**Task statement**
Taking the line containing "Kassandrinos Apartments Apostolos" as the first and the last line of the entries as the end, reproduce every line between them exactly, including both.

Records drawn from a dataset:
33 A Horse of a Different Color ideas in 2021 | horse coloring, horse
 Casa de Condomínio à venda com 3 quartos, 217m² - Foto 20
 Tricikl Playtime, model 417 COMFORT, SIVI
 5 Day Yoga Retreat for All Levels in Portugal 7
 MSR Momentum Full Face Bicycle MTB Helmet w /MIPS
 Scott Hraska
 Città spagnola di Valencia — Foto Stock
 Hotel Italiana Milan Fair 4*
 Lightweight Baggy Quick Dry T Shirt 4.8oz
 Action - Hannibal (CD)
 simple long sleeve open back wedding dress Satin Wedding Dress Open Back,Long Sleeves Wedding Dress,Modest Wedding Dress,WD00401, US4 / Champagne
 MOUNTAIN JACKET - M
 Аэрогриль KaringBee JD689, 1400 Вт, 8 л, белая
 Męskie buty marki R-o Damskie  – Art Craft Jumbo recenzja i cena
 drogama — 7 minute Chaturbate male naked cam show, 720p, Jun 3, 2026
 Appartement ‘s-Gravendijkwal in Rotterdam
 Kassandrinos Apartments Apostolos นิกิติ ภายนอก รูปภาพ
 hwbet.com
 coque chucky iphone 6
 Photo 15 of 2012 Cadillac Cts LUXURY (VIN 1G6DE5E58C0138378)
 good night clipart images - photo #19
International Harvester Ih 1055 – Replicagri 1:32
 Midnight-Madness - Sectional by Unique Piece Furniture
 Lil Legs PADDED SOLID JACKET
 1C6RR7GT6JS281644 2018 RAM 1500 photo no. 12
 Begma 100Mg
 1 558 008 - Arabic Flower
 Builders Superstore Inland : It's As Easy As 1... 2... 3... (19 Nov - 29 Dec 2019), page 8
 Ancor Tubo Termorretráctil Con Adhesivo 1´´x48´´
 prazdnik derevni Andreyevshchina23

**Reply**
 Kassandrinos Apartments Apostolos นิกิติ ภายนอก รูปภาพ
 hwbet.com
 coque chucky iphone 6
 Photo 15 of 2012 Cadillac Cts LUXURY (VIN 1G6DE5E58C0138378)
 good night clipart images - photo #19
International Harvester Ih 1055 – Replicagri 1:32
 Midnight-Madness - Sectional by Unique Piece Furniture
 Lil Legs PADDED SOLID JACKET
 1C6RR7GT6JS281644 2018 RAM 1500 photo no. 12
 Begma 100Mg
 1 558 008 - Arabic Flower
 Builders Superstore Inland : It's As Easy As 1... 2... 3... (19 Nov - 29 Dec 2019), page 8
 Ancor Tubo Termorretráctil Con Adhesivo 1´´x48´´
 prazdnik derevni Andreyevshchina23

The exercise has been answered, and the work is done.